The bottom line is that either the rest of the market will have to catch up to the top three sectors, the top three sectors will have to come down to reality, or a combination of the two will have to happen.
Our opinion is a combination of the two will happen: the high-flying companies that have dominated this year’s headlines will have to come down to Earth somewhat, and the rest of the market will have to catch up. Here’s why:
- As we stated above, unless the Federal Reserve sees cracks in unemployment or the banking sector, they will not be in a hurry to reduce interest rates any time soon. They are too afraid that reducing interest rates too early will stop inflation from slowing down, or worse, bring it back up.
- Major market participants think that the Federal Reserve will start cutting rates later this year, and that is how they have positioned their investments since March (hence the big moves in Technology).

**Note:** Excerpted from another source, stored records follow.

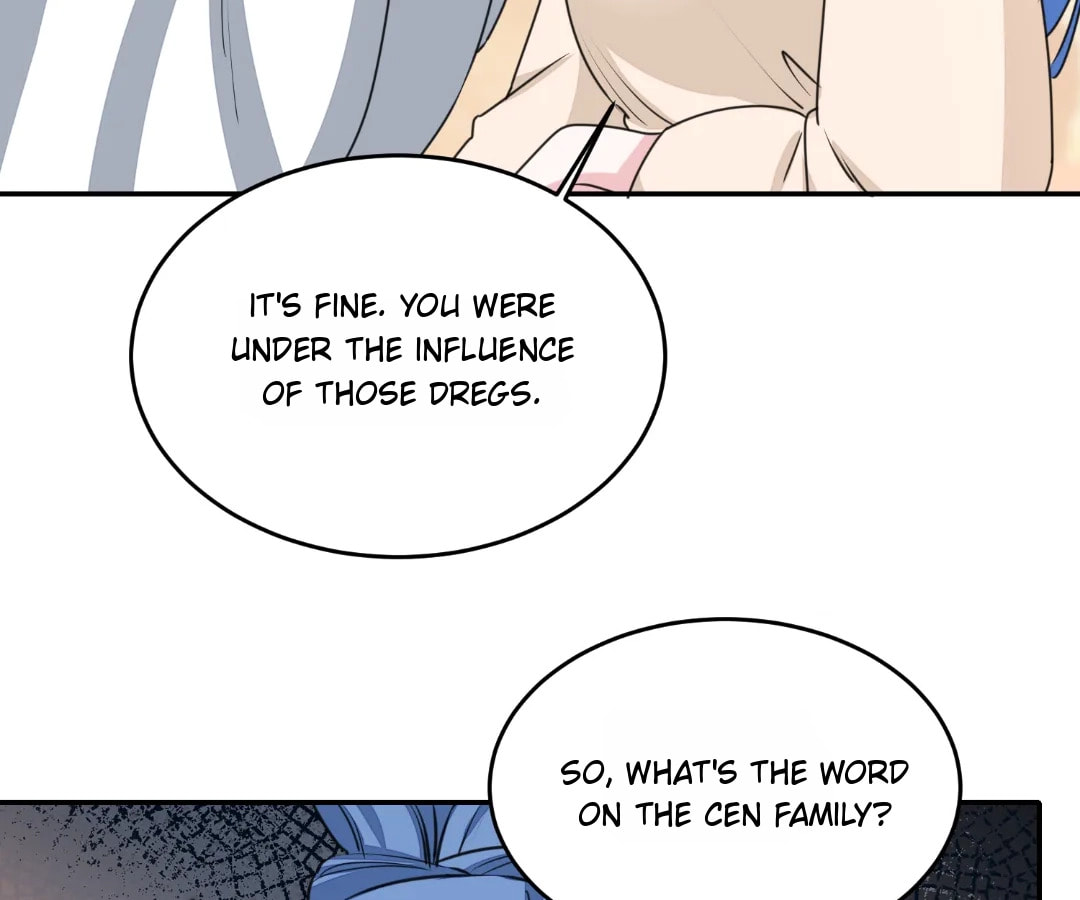 Poisonous Doctor: First Wife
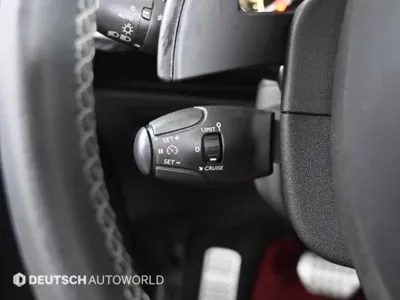 Citroen-DS DS3 2018, 86625 км, за 4104.24 USD - фото 14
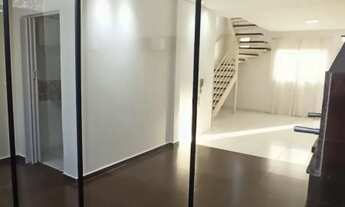 Imagem: Condomínio Villa Nova Residence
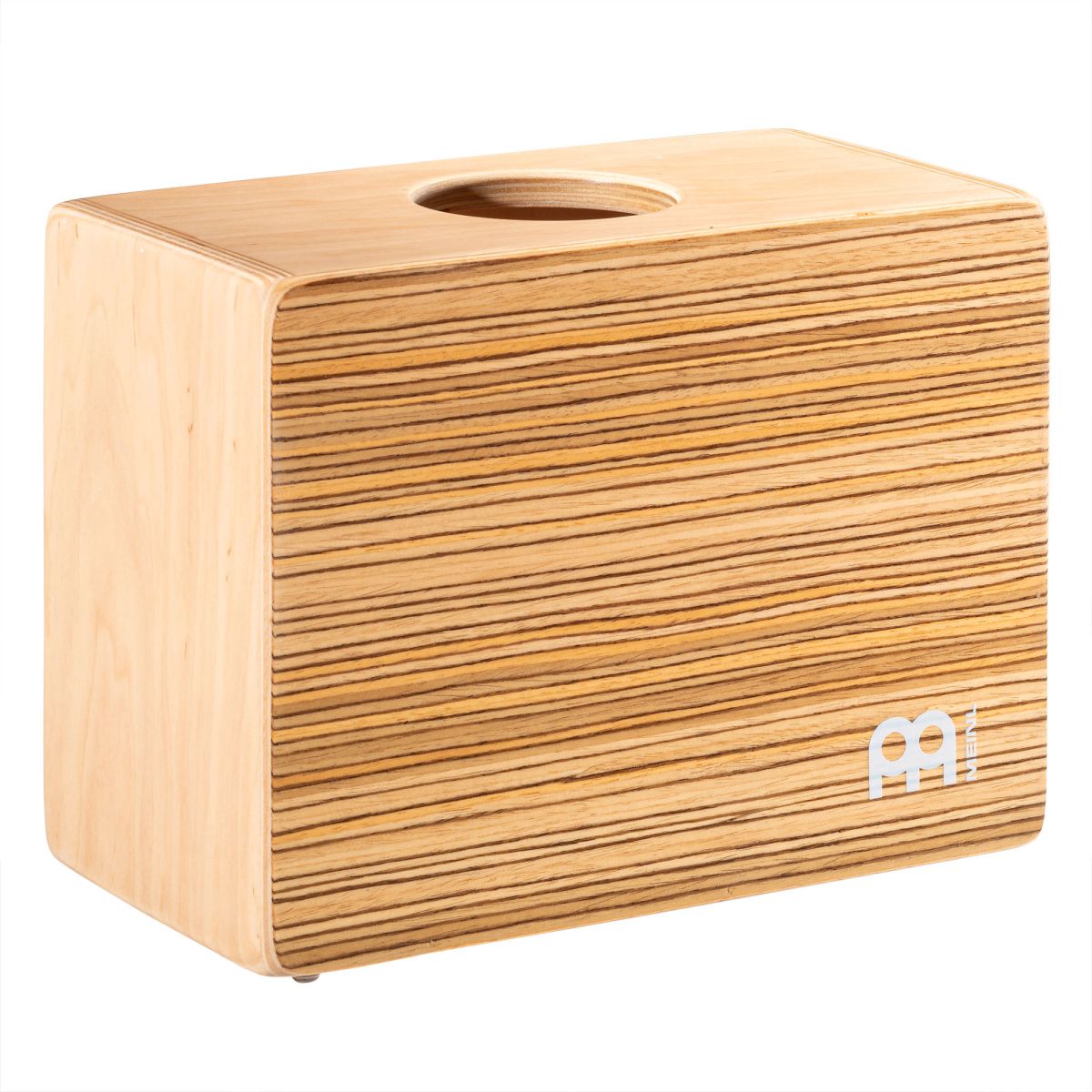 BOXITO TMBX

- These two ideas are at odds with one another, and someone will have to give. Ultimately, the power is in the Federal Reserve’s hands, and they have the final say.
- To that end, money will have to flow out of the top three sectors and flow into sectors that have been lagging behind all year: Healthcare, Industrials, Energy, etc.
- We believe that major investors will come to the realization that the Federal Reserve may not start aggressively cutting rates this fall sometime over the summer. This will bring volatility in the S&P 500 over the summer while investors rotate to new positions – it’s almost like playing musical chairs with stocks.
How We Are Positioned
Currently, we are defensively positioned. Our latest rebalance, earlier in the month, brought us to a 15% underweight in stocks, compared to our norm. Within stocks, we are overweight in Industrials and Healthcare. We believe that as investors rotate from Technology and Communications to Industrials and Healthcare, it will provide us with a great opportunity to buy undervalued companies at a good price.
Thank you for hanging in there and reading this rather lengthy note, but there is a lot of information that we think can help you in understanding the current environment and what may be expected next.
As always, we thank you for your trust. Please know that you are always in our thoughts, and we wish you a wonderful Memorial Day weekend.
The Paragon Team.
The opinions voiced in this material are for general information only and are not intended to provide specific advice or recommendations for any individual. All investing involves risk including loss of principal. No strategy assures success or protects against loss.
The economic forecasts set forth in this material may not develop as predicted and there can be no guarantee that the strategies promoted will be successful.